> [DATA FOR ANALYSIS]:
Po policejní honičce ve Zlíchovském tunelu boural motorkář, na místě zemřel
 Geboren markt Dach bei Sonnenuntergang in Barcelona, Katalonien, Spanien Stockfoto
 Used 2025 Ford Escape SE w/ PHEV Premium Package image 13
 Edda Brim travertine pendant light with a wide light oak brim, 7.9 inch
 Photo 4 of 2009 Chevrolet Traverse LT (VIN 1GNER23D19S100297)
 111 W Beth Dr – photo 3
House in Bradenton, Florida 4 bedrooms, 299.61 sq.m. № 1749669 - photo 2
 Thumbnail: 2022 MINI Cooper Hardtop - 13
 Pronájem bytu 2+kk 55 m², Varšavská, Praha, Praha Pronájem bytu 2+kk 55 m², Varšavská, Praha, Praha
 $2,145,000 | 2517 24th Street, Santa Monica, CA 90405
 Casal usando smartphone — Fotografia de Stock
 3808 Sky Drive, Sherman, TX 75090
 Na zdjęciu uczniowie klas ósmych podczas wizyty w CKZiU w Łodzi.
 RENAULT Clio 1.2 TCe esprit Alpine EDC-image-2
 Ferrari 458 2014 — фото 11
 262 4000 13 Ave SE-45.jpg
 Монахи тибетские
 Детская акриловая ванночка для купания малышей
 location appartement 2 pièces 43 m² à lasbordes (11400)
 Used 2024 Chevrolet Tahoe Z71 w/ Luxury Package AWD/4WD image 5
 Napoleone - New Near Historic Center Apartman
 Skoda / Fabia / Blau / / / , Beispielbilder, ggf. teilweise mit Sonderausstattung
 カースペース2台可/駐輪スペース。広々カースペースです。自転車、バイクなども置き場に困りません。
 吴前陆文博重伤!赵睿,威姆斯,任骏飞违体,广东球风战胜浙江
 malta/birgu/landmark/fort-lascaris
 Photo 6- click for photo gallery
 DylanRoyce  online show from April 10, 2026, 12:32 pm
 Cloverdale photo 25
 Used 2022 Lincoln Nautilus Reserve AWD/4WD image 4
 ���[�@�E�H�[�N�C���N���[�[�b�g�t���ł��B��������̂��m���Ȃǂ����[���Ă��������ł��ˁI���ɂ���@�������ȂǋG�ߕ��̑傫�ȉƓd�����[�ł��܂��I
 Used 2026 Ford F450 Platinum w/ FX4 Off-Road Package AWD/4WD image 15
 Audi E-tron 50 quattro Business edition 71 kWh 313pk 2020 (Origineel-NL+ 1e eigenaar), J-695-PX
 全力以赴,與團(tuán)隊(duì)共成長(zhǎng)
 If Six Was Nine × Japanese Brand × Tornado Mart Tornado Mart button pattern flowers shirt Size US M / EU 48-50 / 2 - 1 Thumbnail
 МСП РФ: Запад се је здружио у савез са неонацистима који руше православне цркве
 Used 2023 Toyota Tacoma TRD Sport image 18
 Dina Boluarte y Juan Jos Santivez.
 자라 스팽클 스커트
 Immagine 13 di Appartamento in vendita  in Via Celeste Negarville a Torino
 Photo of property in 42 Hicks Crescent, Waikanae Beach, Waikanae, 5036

> [WORK REQUEST]: Please give back only the lines between the first line of the entries and the line with "Na zdjęciu uczniowie", both ends included, word for word.

> [RESPONSE TO THIS TASK]:
Po policejní honičce ve Zlíchovském tunelu boural motorkář, na místě zemřel
 Geboren markt Dach bei Sonnenuntergang in Barcelona, Katalonien, Spanien Stockfoto
 Used 2025 Ford Escape SE w/ PHEV Premium Package image 13
 Edda Brim travertine pendant light with a wide light oak brim, 7.9 inch
 Photo 4 of 2009 Chevrolet Traverse LT (VIN 1GNER23D19S100297)
 111 W Beth Dr – photo 3
House in Bradenton, Florida 4 bedrooms, 299.61 sq.m. № 1749669 - photo 2
 Thumbnail: 2022 MINI Cooper Hardtop - 13
 Pronájem bytu 2+kk 55 m², Varšavská, Praha, Praha Pronájem bytu 2+kk 55 m², Varšavská, Praha, Praha
 $2,145,000 | 2517 24th Street, Santa Monica, CA 90405
 Casal usando smartphone — Fotografia de Stock
 3808 Sky Drive, Sherman, TX 75090
 Na zdjęciu uczniowie klas ósmych podczas wizyty w CKZiU w Łodzi.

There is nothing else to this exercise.